2021-11-06

The Vaccinator

The Vaccinator by Michael Marshall Smith

After a chequered and violent career, Eddie Kruger now lives in the Florida Keys. It’s a nice, quiet, peaceful life. Apart from the kidnappings. And the aliens.

This book's protagonist is one of those insecure men who needs to be seen as tough and cool despite never actually doing anything to demonstrate toughness nor actually being cool, except in a really juvenile, performative way that might fool a child or teenager but adults will see right through. He's the guy who lets you know that he could definitely beat you in a fight and you just nod politely because you don't want him to sulk like the little baby that he is.

Is this intentional? I don't think so. I think he actually is supposed to be tough and cool, but we basically just have his word for it. Or the narrator's word. Whether that's supposed to be him or not is unclear because the book is written very oddly. It's third-person omniscient, but feels like it should be first-person. We learn things the protagonist doesn't, but we seem to get his perspective on them anyway.

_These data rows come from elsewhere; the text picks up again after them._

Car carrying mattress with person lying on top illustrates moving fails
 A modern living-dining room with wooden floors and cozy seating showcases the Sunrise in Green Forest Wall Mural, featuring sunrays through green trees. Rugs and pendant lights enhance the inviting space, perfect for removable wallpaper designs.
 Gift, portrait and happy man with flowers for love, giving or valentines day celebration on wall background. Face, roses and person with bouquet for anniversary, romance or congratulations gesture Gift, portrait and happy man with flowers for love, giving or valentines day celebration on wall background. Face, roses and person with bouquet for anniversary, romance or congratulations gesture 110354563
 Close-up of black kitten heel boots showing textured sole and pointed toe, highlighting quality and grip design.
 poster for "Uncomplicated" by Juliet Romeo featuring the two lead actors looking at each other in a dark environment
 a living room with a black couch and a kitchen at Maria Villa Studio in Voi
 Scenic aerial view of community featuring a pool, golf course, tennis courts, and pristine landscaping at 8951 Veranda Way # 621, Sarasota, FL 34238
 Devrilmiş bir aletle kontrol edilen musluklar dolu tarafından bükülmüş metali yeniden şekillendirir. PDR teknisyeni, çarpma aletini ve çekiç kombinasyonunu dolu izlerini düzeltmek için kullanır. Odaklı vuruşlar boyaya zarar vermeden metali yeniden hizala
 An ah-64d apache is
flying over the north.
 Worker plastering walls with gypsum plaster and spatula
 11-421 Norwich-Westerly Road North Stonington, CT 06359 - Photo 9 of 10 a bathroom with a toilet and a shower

The first half of the book seems like it might be going somewhere, and it was short enough that I was willing to give it the chance, but it completely falls apart in the second half and the finale is an absolute nothing moment where an ambiguously threatening villain is revealed out of nowhere and then defeated by some other characters who also appear out of nowhere. Technically they had appeared once before, but are suddenly revealed at the end to be other than they seemed. I think that's supposed to be a joke, but it reads like a child using their dolls to tell a story where suddenly Barbie was a T-Rex all along and she eats everyone the end. "OK, book's over now. There was no point to anything."